The first thing you notice about Daniel Martínez is his smile. And then his laugh. Both come as natural as the way he slices up cycling’s steepest mountains.
The Colombian climber has plenty of reason for high spirits these days. The 22-year-old has been tapped to race his first Tour de France with EF Education First Drapac p/b Cannondale, EF Education First’s pro cycling team.
And it gets even better. His assigned task will be to protect his childhood hero, Rigoberto Urán. For Martínez, it’s like being called up to play point guard to Michael Jordan.
“My objective? That’s easy: to help Rigoberto Urán win the Tour de France!” says Martínez, his smile leaving no doubt he means it. “He was second last year, so why not? Everyone knows Rigo is capable of winning the Tour.”
Martínez might have to pinch himself. A Tour call-up is fulfilling a dream of every cyclist. It’s even more incredible in just his first season in the UCI WorldTour, the league of the best teams and racers in the world.
“I cannot believe that I will be racing alongside Rigo in the Tour. He’s a hero to me!” Martínez said. “I know what my job is. It’s to suffer and help Rigo.”
Martínez is part of a wave of Colombian riders making an impact in Europe. At 22, he’s also among the newest faces in cycling’s biggest races. His smile and contagious energy is making an impact, too.

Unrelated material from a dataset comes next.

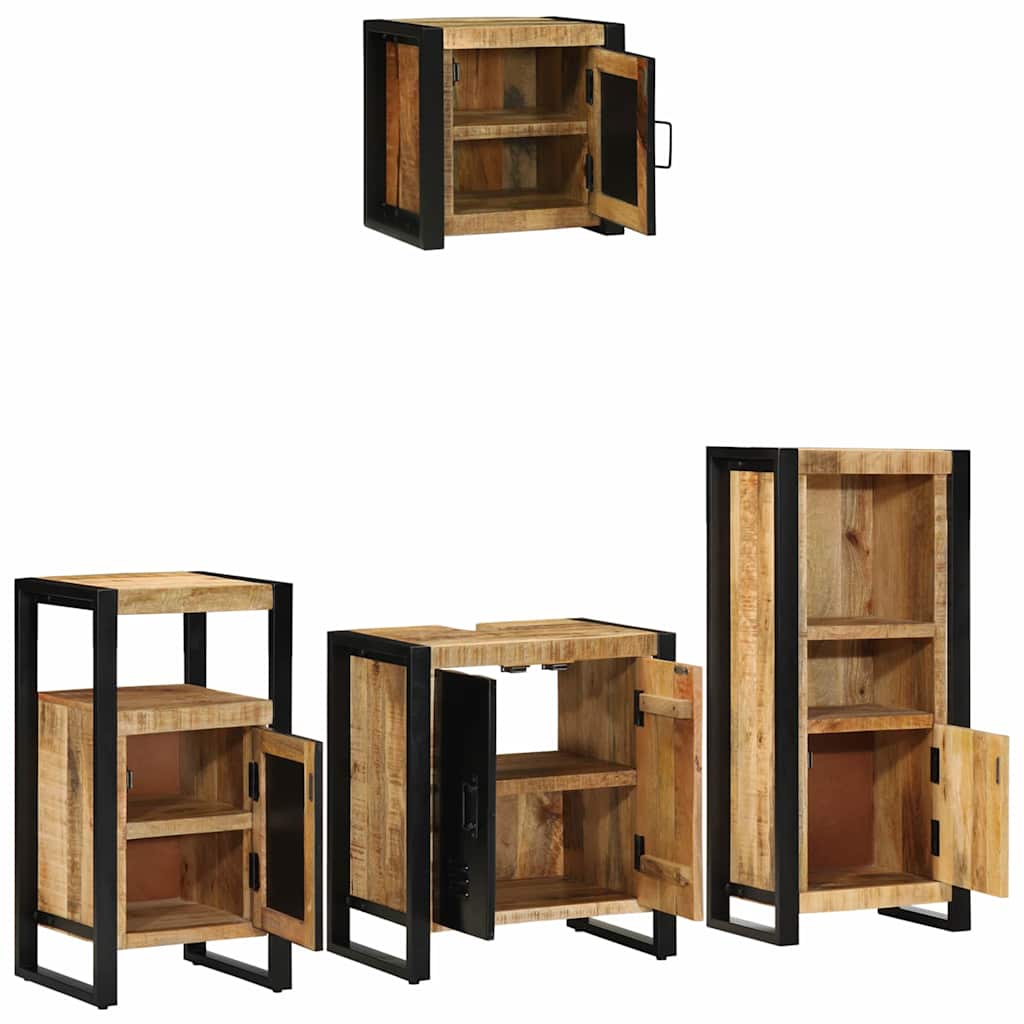 Badezimmermöbel-Set 4 pcs Braun und Schwarz Massivholz Mango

“Cycling for me is a passion. It’s a job that comes easy. I hear of riders who do not like the bike, but it’s the opposite for me. My happiest morning is when I wake up knowing I have to ride my bike for six hours.”
Martínez hails from Soacha, a suburb of Colombia’s capitol of Bogotá, perched 8,500 feet above sea level. Local climbs hit 13,000 feet, meaning that Martínez has had plenty of practice climbing on the bike.
“My dream was to play soccer on the Barcelona football club. But I could ride a bike better than kicking the ball,” he says, chuckling. “Cycling is something that I could have never imagined doing as a professional. No one in my family is involved in the sport. Of course, now they are!”
Like most pros who eventually reach the Tour de France, he was superb at racing his bike. His early wins in the junior ranks earned him a slot on the Colombian national team as well as an invitation to train at the UCI’s World Cycling Center in Switzerland. Martínez soaked it all up.
“Like any professional, I like to suffer on the bike. If you do not like suffering, you must choose another job.”
Martinez’s determination and continued progress attracted the attention of EF Pro Cycling CEO Jonathan Vaughters.
“Dani caught my eye because he was succeeding all on his own on a small Italian team,” Vaughters says. “This isn’t so easy. Most Colombians get homesick, don’t adapt and need to go home. Daniel just made his own way inside Europe as a 20-year-old. He’s like a ‘mini-Rigo.’”
In addition to his focus on the Tour, Martinez is also working hard to improve his English skills by studying with EF English Live, the world’s largest online language school that EF launched with the help of Apple in the 1990s.
“I speak Spanish and Italian, and the English is coming along. I have been taking some classes online and the team speaks English. The team has an American feel to it, but it’s also very international. I felt right at home since the first moment.”
Ahead of the Tour, Martínez trained in Colombia, where he still lives with his parents. Like any good son, he enjoys his mom’s cooking, especially ajiaco, a tangy garlic chicken soup that’s a delicacy in Colombia. In what little spare time he might have, he likes to go fishing, take a paseo (an evening stroll) with his girlfriend or catch up on his favorite TV series. But right now, it’s all about the bike.
He’s not a household name yet, but that could change very fast.
“My dream? Of course, some day to be challenging for the victory in the sport’s biggest races.”